I have no medals of honor or badges of glory.
I have my scars. I have my sessions and bouts with guilt. In hindsight, I look back at the waste of my wars. I look back in horror and regret.
What was I thinking?
Why didn’t I have the strength to walk away?
Besides, it took more strength to dress my wounds. Not to mention that I incurred more damage just to stick around and live on unkind soil.
(To keep my lies true.)
I endured too many fights which were either self-fought, or I failed to see that the war could have been avoided and over — had I realized that I had the strength to walk away clean and come out less-scathed.
I am writing this with my white flag raised high. I have no weapons of either mass or self-destruction. I am unarmed and I come in peace.
I believe the biggest threat was to be alone.
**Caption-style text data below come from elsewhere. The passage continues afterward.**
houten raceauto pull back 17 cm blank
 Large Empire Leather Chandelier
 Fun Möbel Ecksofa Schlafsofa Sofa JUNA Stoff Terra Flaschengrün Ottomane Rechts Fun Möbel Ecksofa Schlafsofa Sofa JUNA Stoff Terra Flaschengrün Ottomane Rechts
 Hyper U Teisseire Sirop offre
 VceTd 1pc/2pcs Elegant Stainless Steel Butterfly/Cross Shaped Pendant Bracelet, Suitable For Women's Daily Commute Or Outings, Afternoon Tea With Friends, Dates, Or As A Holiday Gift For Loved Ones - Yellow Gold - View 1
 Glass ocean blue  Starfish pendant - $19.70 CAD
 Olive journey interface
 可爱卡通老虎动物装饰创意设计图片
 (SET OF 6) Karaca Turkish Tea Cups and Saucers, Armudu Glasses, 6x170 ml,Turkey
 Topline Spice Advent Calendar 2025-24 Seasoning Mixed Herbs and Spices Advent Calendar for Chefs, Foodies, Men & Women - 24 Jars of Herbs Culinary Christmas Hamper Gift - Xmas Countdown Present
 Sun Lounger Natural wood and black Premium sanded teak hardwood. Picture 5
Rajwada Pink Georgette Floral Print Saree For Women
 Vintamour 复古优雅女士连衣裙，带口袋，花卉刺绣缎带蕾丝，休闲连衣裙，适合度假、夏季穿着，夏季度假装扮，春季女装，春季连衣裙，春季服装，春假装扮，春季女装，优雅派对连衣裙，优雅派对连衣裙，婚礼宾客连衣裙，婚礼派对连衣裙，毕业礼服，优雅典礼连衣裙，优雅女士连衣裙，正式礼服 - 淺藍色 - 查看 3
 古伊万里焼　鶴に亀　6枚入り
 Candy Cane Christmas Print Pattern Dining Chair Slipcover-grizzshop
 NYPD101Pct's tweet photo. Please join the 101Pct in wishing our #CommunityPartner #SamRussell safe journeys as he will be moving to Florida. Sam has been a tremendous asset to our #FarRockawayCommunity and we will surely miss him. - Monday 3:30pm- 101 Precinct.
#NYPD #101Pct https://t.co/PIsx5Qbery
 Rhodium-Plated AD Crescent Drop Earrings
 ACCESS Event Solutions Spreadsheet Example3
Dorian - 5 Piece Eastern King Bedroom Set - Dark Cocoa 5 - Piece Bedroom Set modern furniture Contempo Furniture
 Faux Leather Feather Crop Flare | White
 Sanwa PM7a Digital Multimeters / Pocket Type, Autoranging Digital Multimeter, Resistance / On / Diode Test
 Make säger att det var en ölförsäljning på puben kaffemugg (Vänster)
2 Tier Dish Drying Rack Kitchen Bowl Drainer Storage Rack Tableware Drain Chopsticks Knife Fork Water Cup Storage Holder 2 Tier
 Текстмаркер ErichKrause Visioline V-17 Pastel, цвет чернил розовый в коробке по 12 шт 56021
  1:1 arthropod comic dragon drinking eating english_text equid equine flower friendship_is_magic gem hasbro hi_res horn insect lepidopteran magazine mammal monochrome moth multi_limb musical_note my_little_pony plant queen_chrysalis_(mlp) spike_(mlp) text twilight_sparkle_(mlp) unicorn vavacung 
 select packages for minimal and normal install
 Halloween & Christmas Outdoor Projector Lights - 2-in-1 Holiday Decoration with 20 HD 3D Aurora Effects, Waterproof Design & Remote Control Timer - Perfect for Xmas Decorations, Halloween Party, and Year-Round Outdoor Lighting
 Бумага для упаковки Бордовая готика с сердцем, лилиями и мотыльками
Or maybe it was that I’d realize my wars would never stop and that I would be too weary to notice when peace would come my way.
Maybe loneliness was frightening to me or too lonely to consider. At the same time, at least I knew where my enemies were —except, I used to keep them alive and well-fed in the camps of my subconscious programs.
Let’s see—
I am guilty of war crimes. I used my internal narcissist as a sniper.
I used him to insulate myself and keep me safe.
I used my words like bayonets and at the flesh of casual and innocent bystanders.
I admit this.
I kept hostages.
I have been held hostage to others as well as to myself.
It would appear that I am unharmed. Some might believe that I am unmoved or that my scars are meaningless, at best.
No, this is not true.
I have fears. I have trauma.
I have battles that rage in my head because my heart was unsure where the first shot came from.
Or was this shot by me?
Did I move first, as in preemptive, or did I preemptively shoot because I was afraid?
Hence, my emotional flinch pulled the trigger in fear that I would come under fire and be hurt once more.
Look, see?
The sun is about to rise and there is no one around but us.
You and I can end this, at least between us.
I have gone too far and lost too often. Sure, one could argue that my wounds may be superficial, or self-imposed. One could argue that my wars were pre-mature and perhaps, so was my fear and evacuation.
One could argue that had I stopped and dropped the fight and let go of my fear; I would have seen that it is okay to walk away. It’s okay to see the genius or the victory of surrender.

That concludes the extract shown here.